Cloud Computing Software Application Issues

  • Data Security.  With cloud computing your data is in the cloud and managed by your cloud vendor.  The question is: Do you trust this vendor with the literal lifeblood of your business? What safeguards and backup procedures do they have to protect your business data?
  • Access Security.  One of the advantages of cloud computing is that you can access your applications anywhere.  The issue is: How secure is the access to your applications and data?  What security measures (Authentication, Access Control, Intrusion Detection) does your vendor offer?
  • Quality of Service: What is the uptime, response time, and latency of the application running on your vendor’s platform?  How well can this service scale as you add users?  What guarantees does your vendor offer?
  • Business Integration.  How easy is it to integrate your existing applications running behind the firewall at your business with the new applications running in the cloud?  There are a number of business and data integration companies out there who are specifically seeking to address this issue.  See SnapLogic.com.
  • Migration to the Cloud.  Most people will be moving applications from in-house to the cloud rather than starting from scratch.  How easy is it to do the migration?  Can you move your data over? Are there tools to assist in the migration? Can you run the two applications in parallel for a period as you get comfortable with the new application?
  • Application Customization. Most cloud applications offer minimal ability to customize the application functionality to your business need.  Serious consideration of cloud computing services is often a trade-off between the compelling economics of cloud computing versus the lack of ability to customize the application. You should look into how much customization is possible with you prospective vendor and if that meets your business objectives.  Obviously, if an application represents core market differentiation for your business, it is probably not a good candidate for moving to the cloud.

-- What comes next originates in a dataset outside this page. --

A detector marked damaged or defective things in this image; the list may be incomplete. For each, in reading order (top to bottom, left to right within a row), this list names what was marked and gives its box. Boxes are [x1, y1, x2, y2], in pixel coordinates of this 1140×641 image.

There are strong pros and cons to considering cloud software application services.  Some applications are better candidates for moving to the cloud than others.  Also, the value of cloud applications and approach to the issues will vary based on the size of the business, the types of applications, and what industry the company is in.

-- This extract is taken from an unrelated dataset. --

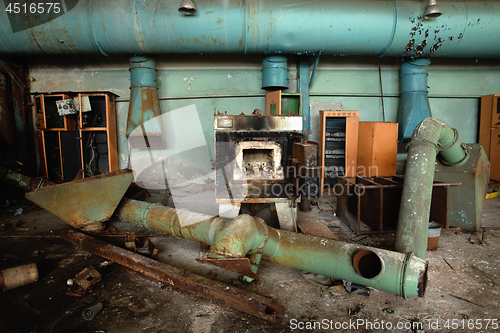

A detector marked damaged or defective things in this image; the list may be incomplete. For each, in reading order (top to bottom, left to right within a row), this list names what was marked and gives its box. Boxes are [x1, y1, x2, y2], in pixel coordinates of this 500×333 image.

For Small To Medium Sized Businesses

The economic benefits and freeing up time from IT tasks are significant.  The major barrier with SMB is often the perceived issue of data security.  Vendors should address this concern by:

  • Deliver facts about how often SMBs lose data by managing it themselves.
  • Document the business cost of these losses.
  • Deliver facts about the quality of their service and data protection guarantees.

For Enterprise Customers

The economic, budgetary and access benefits are compelling.  The greater issue here is that most enterprises have dozens to hundreds of in-house enterprise software applications that they run their businesses on.  The major issues with this class of customers will be:

    • Maintaining security levels inside and outside the enterprise firewall.  Approaches for cloud vendors to address these concerns include:
        • Carefully documenting your security capabilities.
        • Carefully documenting your security track record.
        • Providing for some security integration between cloud applications and enterprise applications such that there is single sign-on and consistency of policy between the two environments.
        • Look into security solutions that span applications running in the cloud and in the enterprise.  Example: Okta.com
    • The ability to integrate applications that exist behind the enterprise firewall with applications running in the cloud.
        • Offer consulting services to help with business integration of the applications.
        • Partner with VARs and System Integrators to offer consulting services in this area.
        • Look into startups that are offering solutions aimed specifically at this problem.  An example is SnapLogic.com which build connectors and data filters as reusable and sharable services.